Elle critique le jugement attaqué, en relevant que le tribunal l'a à plusieurs reprises confondue avec une société 'Littoral formalités' et a estimé qu'elle ne démontrait pas un défaut de pouvoir de son dirigeant, ni même un abus de pouvoir de celui-ci, alors qu'elle-même n'a jamais prétendu que la délibération du 20 novembre 2007 serait nulle ou que M. D. aurait commis un abus de pouvoir ; qu'en effet elle ne dénie pas la validité de cette décision, mais maintient que l' objet n'était pas de garantir des travaux d'aménagement d'une concession Land Rover ; qu'à tort les premiers juges ont amalgamé les concessions Fiat et Land Rover.
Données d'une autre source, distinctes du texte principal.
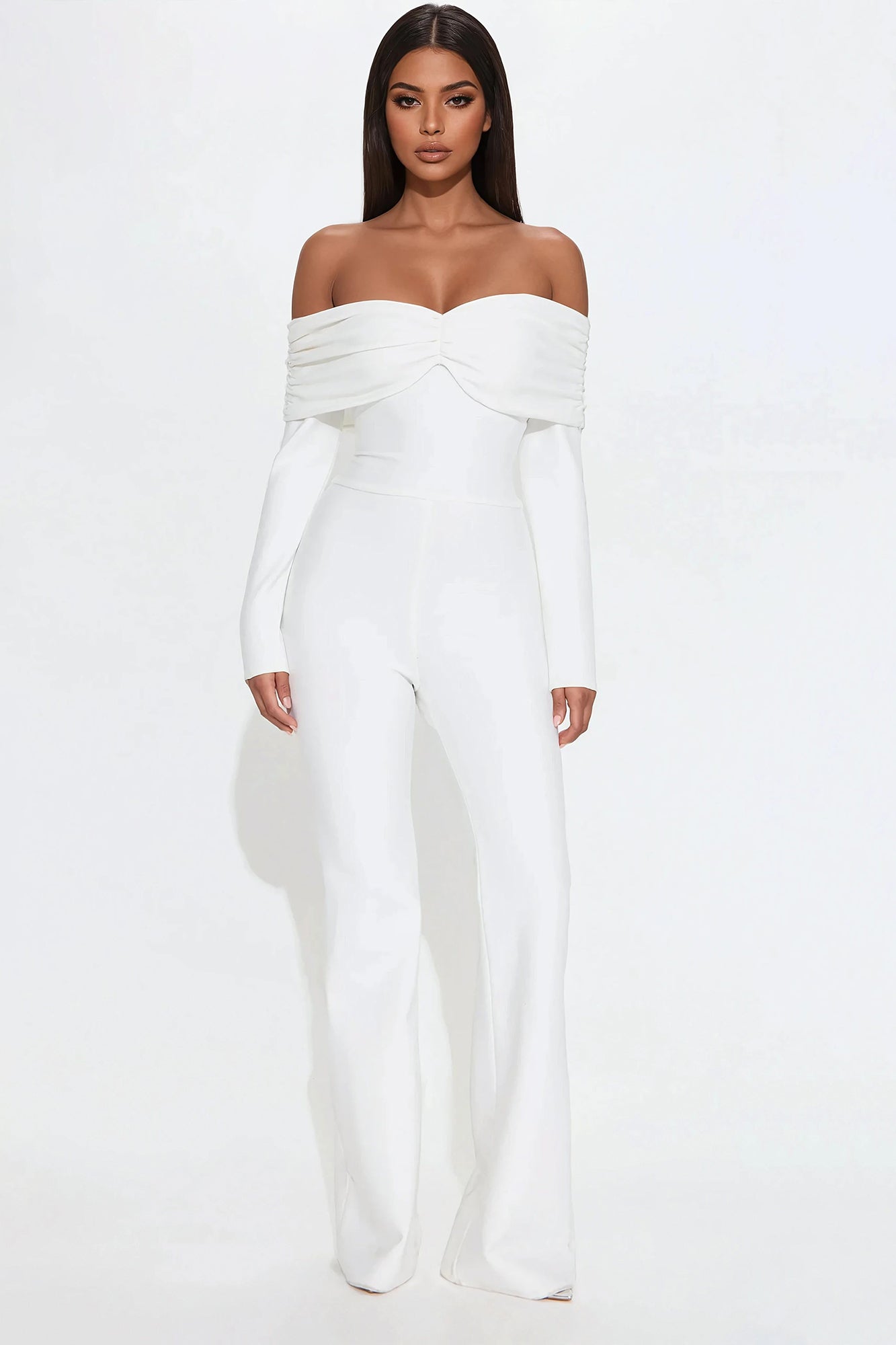 Robin Bandage Jumpsuit - White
Sur le manquement à l'obligation de conseil qu'elle reproche à la banque, la société Littoral automobile explique que c'est la BPN qui avait un intérêt personnel à modifier l' objet du financement sollicité ; qu'elle bénéficiait ainsi d'une sorte de droit de suite en se ménageant une garantie qu'elle n'aurait pas obtenue dans le cadre d'une simple avance de trésorerie ; qu'il lui incombait d'attirer l'attention de M. D. - qui n'est pas un professionnel bancaire - sur l'impossibilité pour une société de se porter caution lorsqu'il n'est pas possible de trouver une contrepartie à son engagement ; que M. D. ne pouvait pas deviner la ruse utilisée, dont la BPN s'est bien gardée de l'informer.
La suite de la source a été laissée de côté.